Two U.S. Black Hawk helicopters go down in the mazelike streets of Mogadishu
during a routine search-and-capture mission, leaving 100 G.I.’s stumbling
around enemy territory with limited resources until the rescue Rangers show
up. It’s been oft-compared to having almost two full hours of Steven Spielberg’
s masterful 30-minute Omaha Beach sequence in Saving Private Ryan, which sounds
good on paper only because Ryan suffered by following up its amazing visual
prologue with a glut of character-driven monologues to invest personality
within each soldier before he get killed.
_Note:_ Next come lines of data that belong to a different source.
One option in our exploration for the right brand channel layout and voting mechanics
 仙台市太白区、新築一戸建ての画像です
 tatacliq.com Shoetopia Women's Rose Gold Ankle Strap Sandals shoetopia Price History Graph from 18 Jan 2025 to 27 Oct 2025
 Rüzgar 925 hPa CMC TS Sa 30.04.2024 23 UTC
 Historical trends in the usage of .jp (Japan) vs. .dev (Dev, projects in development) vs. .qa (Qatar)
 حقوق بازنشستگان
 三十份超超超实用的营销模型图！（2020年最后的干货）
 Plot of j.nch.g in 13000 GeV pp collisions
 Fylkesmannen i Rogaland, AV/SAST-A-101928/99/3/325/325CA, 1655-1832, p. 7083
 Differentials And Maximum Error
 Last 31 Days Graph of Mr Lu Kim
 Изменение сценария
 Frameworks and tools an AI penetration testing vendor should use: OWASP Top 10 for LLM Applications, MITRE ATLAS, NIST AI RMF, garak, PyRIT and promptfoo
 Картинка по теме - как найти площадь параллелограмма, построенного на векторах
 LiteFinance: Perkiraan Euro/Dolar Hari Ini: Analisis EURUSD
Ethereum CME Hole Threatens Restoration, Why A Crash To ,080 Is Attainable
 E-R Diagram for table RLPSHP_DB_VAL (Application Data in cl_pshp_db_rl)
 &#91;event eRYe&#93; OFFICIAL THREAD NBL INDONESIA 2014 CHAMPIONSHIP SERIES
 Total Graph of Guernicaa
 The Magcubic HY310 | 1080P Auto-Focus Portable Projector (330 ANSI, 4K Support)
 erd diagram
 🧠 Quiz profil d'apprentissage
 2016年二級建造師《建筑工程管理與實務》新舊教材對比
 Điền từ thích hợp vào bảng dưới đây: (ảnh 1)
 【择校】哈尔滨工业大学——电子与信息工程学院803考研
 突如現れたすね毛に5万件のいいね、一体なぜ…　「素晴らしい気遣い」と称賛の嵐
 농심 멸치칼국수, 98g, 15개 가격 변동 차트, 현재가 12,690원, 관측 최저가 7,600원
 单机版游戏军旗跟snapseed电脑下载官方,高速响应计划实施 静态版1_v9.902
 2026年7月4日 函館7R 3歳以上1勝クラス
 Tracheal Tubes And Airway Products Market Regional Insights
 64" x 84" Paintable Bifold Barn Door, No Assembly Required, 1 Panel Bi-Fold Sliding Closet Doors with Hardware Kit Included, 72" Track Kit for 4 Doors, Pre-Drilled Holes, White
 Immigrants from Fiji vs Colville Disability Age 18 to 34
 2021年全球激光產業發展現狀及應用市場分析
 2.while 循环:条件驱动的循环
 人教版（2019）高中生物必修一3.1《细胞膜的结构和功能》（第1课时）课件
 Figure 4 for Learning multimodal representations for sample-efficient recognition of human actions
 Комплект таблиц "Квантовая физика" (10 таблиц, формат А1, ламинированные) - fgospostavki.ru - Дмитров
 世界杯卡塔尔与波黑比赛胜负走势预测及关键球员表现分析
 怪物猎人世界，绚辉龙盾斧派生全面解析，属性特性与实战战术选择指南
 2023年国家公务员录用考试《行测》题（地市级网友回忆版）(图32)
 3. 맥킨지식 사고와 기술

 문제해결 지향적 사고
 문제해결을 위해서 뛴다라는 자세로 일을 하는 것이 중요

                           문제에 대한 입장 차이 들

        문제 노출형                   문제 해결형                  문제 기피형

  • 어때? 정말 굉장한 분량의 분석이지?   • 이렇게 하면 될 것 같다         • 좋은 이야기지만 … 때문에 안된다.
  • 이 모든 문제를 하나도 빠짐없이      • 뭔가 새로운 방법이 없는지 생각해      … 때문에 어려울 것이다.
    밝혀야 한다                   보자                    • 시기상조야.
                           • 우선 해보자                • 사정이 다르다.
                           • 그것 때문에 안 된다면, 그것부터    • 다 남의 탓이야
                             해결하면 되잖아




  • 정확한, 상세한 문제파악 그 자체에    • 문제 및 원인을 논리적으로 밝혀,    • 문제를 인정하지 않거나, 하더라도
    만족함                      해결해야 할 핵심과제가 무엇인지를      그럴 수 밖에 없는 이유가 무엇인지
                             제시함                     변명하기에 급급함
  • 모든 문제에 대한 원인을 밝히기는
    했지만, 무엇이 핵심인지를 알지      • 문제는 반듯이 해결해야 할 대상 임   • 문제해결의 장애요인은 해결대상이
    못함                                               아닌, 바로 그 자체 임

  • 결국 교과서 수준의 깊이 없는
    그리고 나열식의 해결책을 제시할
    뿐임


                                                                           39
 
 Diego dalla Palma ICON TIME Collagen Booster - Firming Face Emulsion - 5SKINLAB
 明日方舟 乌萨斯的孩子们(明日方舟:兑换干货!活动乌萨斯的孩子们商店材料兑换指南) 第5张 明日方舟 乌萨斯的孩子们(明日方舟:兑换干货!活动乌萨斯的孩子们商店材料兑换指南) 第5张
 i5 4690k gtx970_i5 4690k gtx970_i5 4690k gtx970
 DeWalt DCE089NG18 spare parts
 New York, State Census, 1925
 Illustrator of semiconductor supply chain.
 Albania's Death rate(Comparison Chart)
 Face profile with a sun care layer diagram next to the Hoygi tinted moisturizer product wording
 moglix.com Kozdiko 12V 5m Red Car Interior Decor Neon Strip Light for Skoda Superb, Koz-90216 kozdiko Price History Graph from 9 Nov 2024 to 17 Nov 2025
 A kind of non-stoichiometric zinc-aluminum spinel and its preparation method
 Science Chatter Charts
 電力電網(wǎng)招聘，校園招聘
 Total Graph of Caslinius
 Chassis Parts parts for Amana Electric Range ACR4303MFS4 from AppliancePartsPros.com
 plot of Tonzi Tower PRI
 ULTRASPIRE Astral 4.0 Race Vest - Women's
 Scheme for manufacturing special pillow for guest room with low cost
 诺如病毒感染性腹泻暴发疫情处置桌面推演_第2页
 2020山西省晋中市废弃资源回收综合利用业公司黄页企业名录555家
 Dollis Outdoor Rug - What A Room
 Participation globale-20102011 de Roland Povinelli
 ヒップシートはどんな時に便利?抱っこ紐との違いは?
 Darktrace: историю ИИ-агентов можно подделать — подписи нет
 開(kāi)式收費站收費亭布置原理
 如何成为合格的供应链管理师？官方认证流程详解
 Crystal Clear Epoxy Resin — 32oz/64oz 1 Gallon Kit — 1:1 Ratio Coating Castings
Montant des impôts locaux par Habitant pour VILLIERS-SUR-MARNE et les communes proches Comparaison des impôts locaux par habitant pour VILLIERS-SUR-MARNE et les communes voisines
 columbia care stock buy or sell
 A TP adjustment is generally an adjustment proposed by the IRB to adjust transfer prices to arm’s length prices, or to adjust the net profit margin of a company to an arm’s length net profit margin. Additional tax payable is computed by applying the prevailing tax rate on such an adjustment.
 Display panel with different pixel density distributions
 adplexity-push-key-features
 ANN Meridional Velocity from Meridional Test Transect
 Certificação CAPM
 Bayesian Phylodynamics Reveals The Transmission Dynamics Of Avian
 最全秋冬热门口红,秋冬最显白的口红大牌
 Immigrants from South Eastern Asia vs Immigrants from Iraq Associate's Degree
But Spielberg understood the basic
precepts of documentary filmmaking: no matter how chaotic things got, we always
understood where the soldiers were, and where they were going. Black Hawk
Down, by removing exposition and cohesion, couldn’t care less.
Scott’s sloppiness as a filmmaker extends to the combat sequences themselves, a
rain of explosions and dirt flying through the air as the good guys fire off at
the enemy. The scenes are so disorganized that it’s nearly impossible to tell
who anyone is (every actor has the same combat gear and crew-cuts, so Ewan
McGregor could be Josh Hartnett could be Eric Bana), or what they’re shooting
at. It’s no excuse to say that Scott is displaying how war is incomprehensible
hell; he’s made a movie that’s practically unwatchable long before the shooting
has started. The first 30-minutes of pure exposition (“This is what we need to
do, men…”) are just as sloppy, shoddy, and vague. Characters wander around
listening to rock music, polishing their rifles, but nothing registers beyond
images on a screen. They aren’t people, they’re objects within the frame.
Sometimes, this is thematically consistent (experimental films do it all the
time) -- and if that’s what Scott is going for, he’s missing the point
entirely. He’s not even providing a solid metaphor to back up the indifference
to character (as Kubrick did for most of the soliders on Paris Island in the
first half of Full Metal Jacket). If we don’t give a damn philosophically or
emotionally in the early going, we surely won’t when sitting through courage
under fire.
I especially felt pity for Ewan McGregor, a likeable actor even when he’s
appearing in pure hokum. He made more of an impression as a sidelines-bound
Obi-Wan in Star Wars: Episode I - The Phantom Menace, making asides to Liam
Neeson, than he does in the whole of Black Hawk Down. He blends in with the
other guys, only truly noticeable when he takes off his helmet and opens his
mouth. That Scottish accent hasn’t really gone away, but we’re further helped
that McGregor’s character seems based entirely around his love for good
coffee. He mutters something or other about making the perfect cup of joe,
then throws the helmet back on and blends in with the crowd (and good luck
telling me which one he is; he looks the same as Pearl Harbor player Ewen
Bremner, Lord of the Rings’ Elfin archer Orlando Bloom, and The Patriot villain
Jason Isaacs; oddly enough they’re all Brits playing American G.I.’s.)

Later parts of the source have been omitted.